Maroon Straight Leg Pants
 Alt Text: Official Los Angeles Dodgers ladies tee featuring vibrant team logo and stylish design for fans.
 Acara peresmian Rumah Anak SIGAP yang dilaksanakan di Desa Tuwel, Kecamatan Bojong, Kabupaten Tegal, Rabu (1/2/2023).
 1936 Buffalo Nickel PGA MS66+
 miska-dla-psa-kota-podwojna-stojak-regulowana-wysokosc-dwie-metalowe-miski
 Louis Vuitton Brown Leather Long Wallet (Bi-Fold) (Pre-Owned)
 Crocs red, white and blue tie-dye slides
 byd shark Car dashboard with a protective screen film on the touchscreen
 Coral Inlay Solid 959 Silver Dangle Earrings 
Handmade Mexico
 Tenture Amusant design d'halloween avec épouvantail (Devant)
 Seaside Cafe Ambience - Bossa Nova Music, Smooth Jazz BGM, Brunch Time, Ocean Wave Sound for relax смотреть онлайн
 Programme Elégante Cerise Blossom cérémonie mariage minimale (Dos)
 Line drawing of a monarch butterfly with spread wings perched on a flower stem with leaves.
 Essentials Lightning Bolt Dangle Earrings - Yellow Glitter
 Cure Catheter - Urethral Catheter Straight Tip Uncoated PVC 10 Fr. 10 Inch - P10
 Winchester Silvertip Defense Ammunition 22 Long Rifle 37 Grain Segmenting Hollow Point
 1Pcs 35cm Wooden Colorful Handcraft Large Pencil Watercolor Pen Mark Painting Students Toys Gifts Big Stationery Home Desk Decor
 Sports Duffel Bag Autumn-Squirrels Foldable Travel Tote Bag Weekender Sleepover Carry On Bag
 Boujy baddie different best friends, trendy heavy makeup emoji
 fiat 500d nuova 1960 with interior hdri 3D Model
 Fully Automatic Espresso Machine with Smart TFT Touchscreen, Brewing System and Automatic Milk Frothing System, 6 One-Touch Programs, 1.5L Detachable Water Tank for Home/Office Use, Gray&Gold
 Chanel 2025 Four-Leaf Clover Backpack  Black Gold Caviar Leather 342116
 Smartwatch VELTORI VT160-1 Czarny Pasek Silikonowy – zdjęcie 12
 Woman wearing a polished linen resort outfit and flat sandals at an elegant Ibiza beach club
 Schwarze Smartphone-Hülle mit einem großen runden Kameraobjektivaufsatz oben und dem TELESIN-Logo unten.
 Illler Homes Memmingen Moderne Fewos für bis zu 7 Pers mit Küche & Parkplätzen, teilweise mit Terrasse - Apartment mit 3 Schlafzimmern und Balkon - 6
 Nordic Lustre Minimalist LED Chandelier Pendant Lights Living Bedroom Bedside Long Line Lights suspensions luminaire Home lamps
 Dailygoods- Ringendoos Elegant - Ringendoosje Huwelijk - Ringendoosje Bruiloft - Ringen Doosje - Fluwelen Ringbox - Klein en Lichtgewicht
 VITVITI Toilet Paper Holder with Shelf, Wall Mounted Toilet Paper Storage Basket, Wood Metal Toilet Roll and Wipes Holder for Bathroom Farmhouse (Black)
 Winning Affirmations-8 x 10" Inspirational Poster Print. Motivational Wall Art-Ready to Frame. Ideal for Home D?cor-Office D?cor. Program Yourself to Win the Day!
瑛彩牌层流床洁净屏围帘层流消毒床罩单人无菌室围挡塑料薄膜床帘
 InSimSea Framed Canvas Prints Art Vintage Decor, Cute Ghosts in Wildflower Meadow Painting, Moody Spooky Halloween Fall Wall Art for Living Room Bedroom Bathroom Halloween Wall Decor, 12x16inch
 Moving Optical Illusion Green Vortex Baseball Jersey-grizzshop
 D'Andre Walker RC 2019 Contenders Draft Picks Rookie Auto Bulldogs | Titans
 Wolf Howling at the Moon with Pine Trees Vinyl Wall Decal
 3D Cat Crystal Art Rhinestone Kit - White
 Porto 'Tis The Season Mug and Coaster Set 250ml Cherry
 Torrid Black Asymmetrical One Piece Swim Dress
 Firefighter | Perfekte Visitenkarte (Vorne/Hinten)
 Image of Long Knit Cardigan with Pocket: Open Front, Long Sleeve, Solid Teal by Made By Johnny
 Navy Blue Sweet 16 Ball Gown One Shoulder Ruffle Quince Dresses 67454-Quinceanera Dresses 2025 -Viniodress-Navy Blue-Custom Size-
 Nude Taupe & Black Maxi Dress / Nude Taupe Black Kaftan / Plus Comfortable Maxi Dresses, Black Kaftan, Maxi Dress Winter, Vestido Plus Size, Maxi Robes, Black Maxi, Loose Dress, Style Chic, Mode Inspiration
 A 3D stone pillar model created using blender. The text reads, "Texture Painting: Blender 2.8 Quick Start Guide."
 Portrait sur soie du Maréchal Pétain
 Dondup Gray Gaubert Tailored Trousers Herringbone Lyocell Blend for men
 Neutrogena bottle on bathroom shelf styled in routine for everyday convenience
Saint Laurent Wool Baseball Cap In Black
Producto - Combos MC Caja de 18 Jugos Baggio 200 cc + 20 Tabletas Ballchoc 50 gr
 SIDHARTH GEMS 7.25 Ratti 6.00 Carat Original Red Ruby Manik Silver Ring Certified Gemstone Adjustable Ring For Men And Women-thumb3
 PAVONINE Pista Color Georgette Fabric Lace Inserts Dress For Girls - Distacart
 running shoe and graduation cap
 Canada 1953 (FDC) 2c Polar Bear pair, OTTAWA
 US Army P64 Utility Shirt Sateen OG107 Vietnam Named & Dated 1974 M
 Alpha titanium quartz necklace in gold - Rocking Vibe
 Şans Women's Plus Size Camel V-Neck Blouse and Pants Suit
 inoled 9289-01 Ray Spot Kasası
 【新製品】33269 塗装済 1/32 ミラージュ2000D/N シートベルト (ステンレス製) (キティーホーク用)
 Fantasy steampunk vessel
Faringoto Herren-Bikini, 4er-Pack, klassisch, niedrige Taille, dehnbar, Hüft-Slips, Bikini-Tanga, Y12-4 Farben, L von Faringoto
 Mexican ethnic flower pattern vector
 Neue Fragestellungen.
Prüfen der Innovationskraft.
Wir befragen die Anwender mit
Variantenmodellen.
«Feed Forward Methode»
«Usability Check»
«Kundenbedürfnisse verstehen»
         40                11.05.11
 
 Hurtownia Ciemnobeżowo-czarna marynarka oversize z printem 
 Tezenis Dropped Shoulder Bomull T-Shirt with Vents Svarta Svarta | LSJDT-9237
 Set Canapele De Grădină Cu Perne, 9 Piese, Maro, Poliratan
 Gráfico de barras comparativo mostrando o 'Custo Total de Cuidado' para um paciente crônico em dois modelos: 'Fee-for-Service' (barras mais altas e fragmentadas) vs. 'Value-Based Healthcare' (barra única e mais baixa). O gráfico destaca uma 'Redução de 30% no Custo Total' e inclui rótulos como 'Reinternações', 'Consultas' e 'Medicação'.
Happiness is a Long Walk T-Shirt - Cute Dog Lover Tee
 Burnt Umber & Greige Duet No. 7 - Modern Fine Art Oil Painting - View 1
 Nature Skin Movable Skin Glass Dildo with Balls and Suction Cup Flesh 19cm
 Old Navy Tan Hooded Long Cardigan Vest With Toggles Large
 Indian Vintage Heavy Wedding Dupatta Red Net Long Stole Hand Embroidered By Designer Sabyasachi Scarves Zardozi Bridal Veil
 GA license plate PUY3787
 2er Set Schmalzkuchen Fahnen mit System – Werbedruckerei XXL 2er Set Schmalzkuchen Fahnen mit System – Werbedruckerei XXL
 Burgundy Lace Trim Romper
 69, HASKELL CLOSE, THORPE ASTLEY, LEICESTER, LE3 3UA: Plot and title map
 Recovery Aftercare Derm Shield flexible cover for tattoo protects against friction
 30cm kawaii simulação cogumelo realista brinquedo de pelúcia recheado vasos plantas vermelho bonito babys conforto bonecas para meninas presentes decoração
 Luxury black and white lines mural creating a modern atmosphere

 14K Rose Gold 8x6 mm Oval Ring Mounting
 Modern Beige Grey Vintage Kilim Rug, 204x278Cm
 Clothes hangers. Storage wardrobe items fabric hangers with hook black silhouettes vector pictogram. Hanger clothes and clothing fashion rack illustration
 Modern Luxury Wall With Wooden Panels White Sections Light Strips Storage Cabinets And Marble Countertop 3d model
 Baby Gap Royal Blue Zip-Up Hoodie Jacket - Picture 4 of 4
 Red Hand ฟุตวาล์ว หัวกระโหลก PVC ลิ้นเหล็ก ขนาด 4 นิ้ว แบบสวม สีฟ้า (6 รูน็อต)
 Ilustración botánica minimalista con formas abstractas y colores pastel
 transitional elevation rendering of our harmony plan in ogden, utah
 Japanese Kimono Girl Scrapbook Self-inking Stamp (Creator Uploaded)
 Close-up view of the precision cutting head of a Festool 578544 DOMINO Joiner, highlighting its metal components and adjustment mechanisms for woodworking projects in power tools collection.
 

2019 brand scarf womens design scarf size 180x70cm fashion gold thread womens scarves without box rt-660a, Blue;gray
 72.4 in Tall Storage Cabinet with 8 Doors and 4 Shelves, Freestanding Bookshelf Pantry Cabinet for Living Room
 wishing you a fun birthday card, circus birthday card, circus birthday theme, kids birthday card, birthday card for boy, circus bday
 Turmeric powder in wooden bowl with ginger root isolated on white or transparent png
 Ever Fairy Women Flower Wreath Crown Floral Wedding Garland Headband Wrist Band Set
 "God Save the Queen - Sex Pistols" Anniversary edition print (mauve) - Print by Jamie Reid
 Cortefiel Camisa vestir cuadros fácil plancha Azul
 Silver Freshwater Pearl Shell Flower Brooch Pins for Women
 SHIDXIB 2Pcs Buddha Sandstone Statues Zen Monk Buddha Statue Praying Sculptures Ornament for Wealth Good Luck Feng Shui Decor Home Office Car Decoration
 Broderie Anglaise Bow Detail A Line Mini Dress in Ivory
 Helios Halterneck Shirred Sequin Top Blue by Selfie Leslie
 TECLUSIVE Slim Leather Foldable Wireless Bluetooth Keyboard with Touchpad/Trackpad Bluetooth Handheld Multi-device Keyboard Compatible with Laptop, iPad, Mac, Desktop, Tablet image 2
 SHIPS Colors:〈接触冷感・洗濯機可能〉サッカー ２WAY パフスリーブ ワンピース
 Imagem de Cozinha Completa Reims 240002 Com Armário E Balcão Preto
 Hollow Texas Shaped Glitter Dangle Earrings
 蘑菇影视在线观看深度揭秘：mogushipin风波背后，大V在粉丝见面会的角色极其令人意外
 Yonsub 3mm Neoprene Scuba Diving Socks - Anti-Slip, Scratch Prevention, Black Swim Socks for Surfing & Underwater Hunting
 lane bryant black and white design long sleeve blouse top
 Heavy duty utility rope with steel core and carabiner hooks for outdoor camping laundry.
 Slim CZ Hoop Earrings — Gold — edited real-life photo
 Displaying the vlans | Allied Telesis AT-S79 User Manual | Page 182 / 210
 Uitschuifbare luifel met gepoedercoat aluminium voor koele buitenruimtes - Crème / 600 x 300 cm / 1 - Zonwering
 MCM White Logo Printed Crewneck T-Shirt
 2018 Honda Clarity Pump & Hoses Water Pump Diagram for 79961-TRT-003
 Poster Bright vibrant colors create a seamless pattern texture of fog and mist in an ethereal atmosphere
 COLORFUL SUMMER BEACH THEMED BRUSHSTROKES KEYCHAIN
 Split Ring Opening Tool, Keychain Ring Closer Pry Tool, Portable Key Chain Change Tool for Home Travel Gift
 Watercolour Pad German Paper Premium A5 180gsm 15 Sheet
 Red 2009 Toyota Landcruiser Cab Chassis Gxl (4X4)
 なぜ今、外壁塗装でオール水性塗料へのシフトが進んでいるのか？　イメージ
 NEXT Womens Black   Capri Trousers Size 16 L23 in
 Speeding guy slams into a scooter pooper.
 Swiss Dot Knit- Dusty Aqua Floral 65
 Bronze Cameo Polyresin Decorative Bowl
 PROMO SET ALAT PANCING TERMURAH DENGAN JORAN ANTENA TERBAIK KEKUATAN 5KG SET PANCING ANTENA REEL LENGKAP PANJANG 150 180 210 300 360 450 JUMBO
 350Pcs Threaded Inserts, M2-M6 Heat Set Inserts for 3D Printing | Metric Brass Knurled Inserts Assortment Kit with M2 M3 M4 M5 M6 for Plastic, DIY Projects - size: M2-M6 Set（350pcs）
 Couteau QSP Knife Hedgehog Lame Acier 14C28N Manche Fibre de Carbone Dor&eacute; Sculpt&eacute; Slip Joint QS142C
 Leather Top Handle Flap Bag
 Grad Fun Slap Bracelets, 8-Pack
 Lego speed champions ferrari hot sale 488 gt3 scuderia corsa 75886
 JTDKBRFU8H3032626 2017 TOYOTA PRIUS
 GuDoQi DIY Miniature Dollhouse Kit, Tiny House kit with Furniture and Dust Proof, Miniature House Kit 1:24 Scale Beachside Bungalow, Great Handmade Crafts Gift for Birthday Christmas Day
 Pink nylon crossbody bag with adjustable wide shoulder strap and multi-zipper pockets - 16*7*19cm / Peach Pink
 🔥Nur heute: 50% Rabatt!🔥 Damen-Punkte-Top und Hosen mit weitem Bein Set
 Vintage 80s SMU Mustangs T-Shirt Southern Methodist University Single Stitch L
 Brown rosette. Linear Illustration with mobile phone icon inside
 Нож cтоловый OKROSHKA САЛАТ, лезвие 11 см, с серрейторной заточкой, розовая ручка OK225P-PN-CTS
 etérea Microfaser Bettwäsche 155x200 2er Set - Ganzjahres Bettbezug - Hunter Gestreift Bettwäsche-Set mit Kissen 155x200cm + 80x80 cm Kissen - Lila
_____
Start at the first line of the material. Reproduce every line exactly, ending with the line that holds "1936 Buffalo Nickel PGA MS66+".

Maroon Straight Leg Pants
 Alt Text: Official Los Angeles Dodgers ladies tee featuring vibrant team logo and stylish design for fans.
 Acara peresmian Rumah Anak SIGAP yang dilaksanakan di Desa Tuwel, Kecamatan Bojong, Kabupaten Tegal, Rabu (1/2/2023).
 1936 Buffalo Nickel PGA MS66+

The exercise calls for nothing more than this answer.